The union was an integral part of the negotiations in the National Labor Relations Board's (NLRB) high-profile case against Boeing for building a new facility in South Carolina ' a non right-to-work. Some believed the NLRB action was politically motivated to force Boeing to keep the manufacture of the company's new 737 Dreamliner in Washington where the workers are unionized.
The charge comes in the wake of the recent announcement of the end of the NLRB's case. The Charleston Boeing employees, who were granted intervenor status in the case by the NLRB in Washington, D.C., were denied participation in the hearing.
The complaint alleges that IAM officials abused the NLRB's adjudicative process to force Boeing into locating production of the company's 737 aircraft in Washington State, which does not have a Right to Work law. The IAM union bosses' accusations against Boeing had a chilling effect on Boeing and other companies, deterring them from locating work in South Carolina and other Right to Work states where workers can not be forced to join or pay fees to a union as a job condition.
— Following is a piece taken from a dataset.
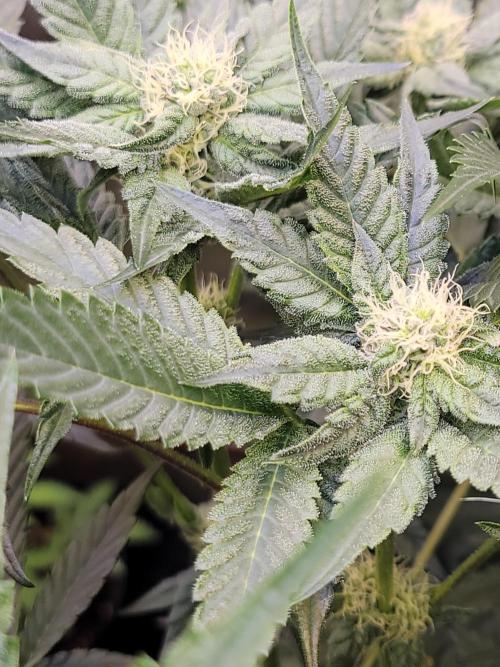 Gelato Hunt. Week 8 - #1 plant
The charge also details how IAM union bosses retaliated against the Charleston workers after the workers expelled the IAM from their workplace before the Dreamliner production line was located there. One of the employees filing the charge led the effort to remove the International Association of Machinists (IAM) union from the Charleston plant.
The charge points out that if the IAM union hierarchy still had a presence in the South Carolina plant, then the South Carolina workers' jobs would not have been at risk. Even NLRB Acting General Counsel Lafe Solomon ' who issued the NLRB's complaint against Boeing ' admitted in Congressional testimony that it was inconceivable that IAM union officials would have pursued charges against Boeing if workers had not removed the union from their workplace.
"Workers should be free to choose whether or not to affiliate with a union and not have to worry about their jobs as a result," said Mark Mix, President of NRWF. "The IAM union bosses' dangerous abuse of federal labor law, which is supposedly intended to protect the rights of individual workers, has set a devastating precedent to discourage job providers from locating work in states with Right to Work laws on the books ' the very states luring job providers and independent-minded workers alike."
The NRWF announced that their attorneys have sent a letter to the NLRB's Chief Administrative Law Judge (ALJ) asking him to investigate the conduct of the ALJ overseeing the NLRB's case against Boeing.